- Assignment
Beginning with the line containing "PARKVILLE - Residential Lease" and ending at the last line of the records, transcribe each line exactly. Do not include pictures.

- Saved entries
..........

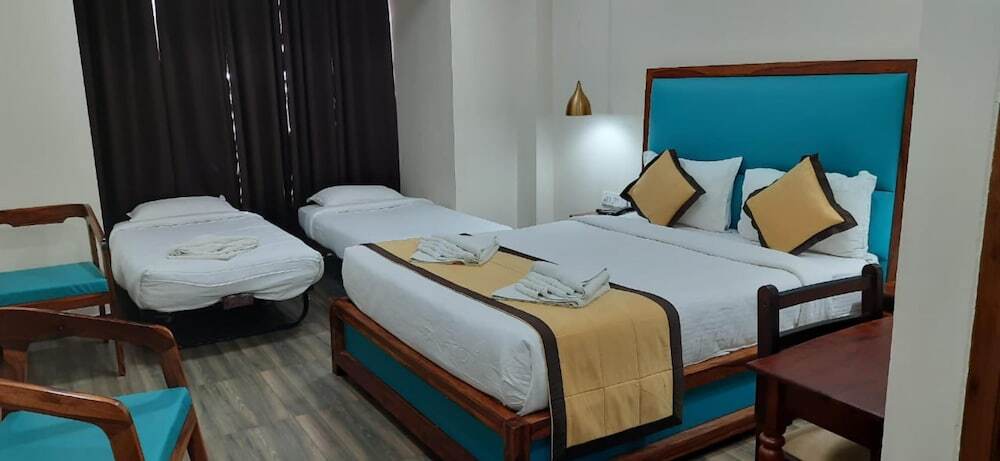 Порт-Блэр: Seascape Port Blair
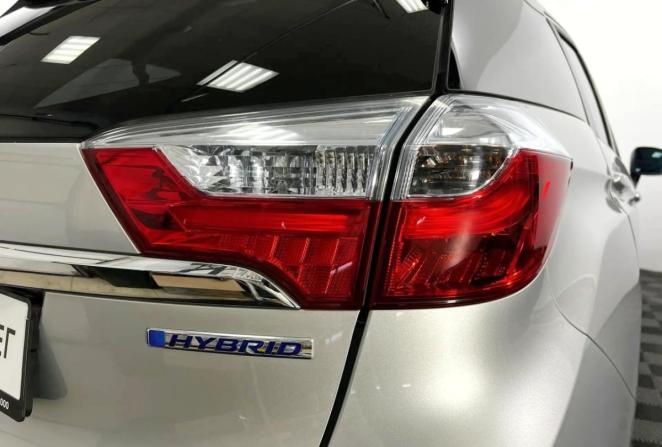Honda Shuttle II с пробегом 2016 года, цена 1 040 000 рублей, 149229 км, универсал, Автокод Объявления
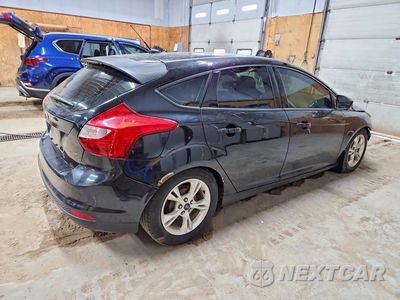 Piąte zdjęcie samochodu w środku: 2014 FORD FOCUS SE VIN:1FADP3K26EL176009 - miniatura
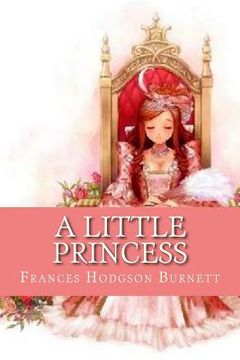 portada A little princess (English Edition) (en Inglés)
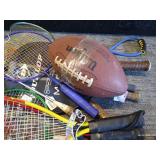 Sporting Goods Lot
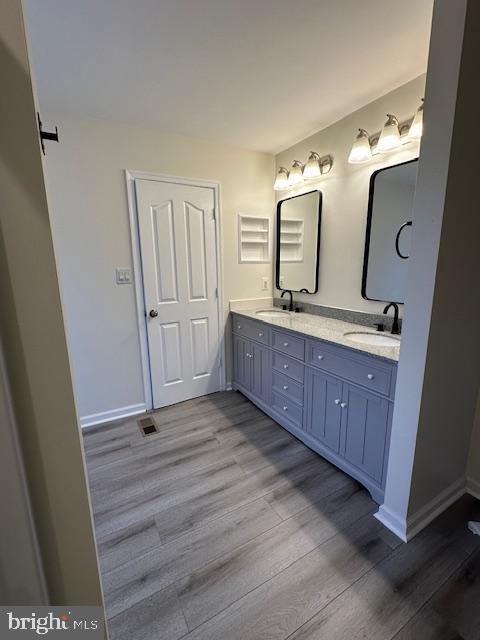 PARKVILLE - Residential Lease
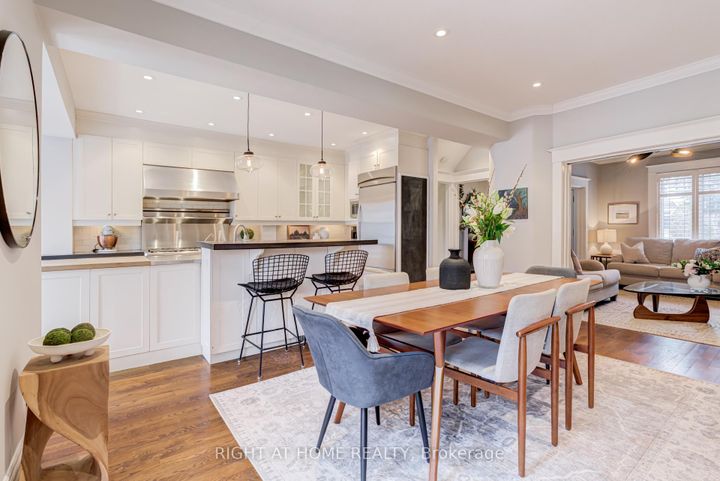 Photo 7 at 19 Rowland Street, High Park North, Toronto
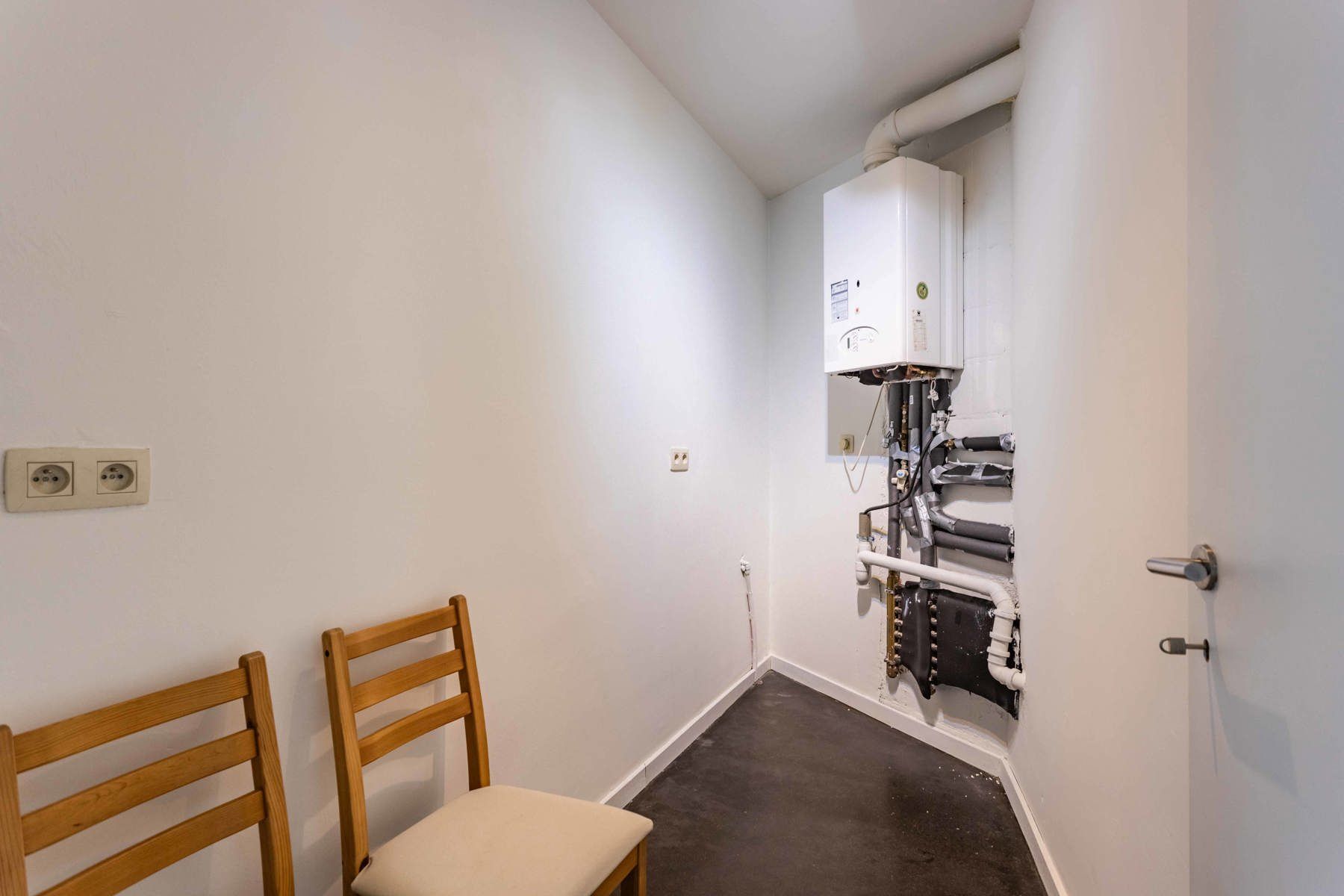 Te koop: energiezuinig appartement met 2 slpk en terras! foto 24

..........

- Solution to this task
 PARKVILLE - Residential Lease
 Photo 7 at 19 Rowland Street, High Park North, Toronto
 Te koop: energiezuinig appartement met 2 slpk en terras! foto 24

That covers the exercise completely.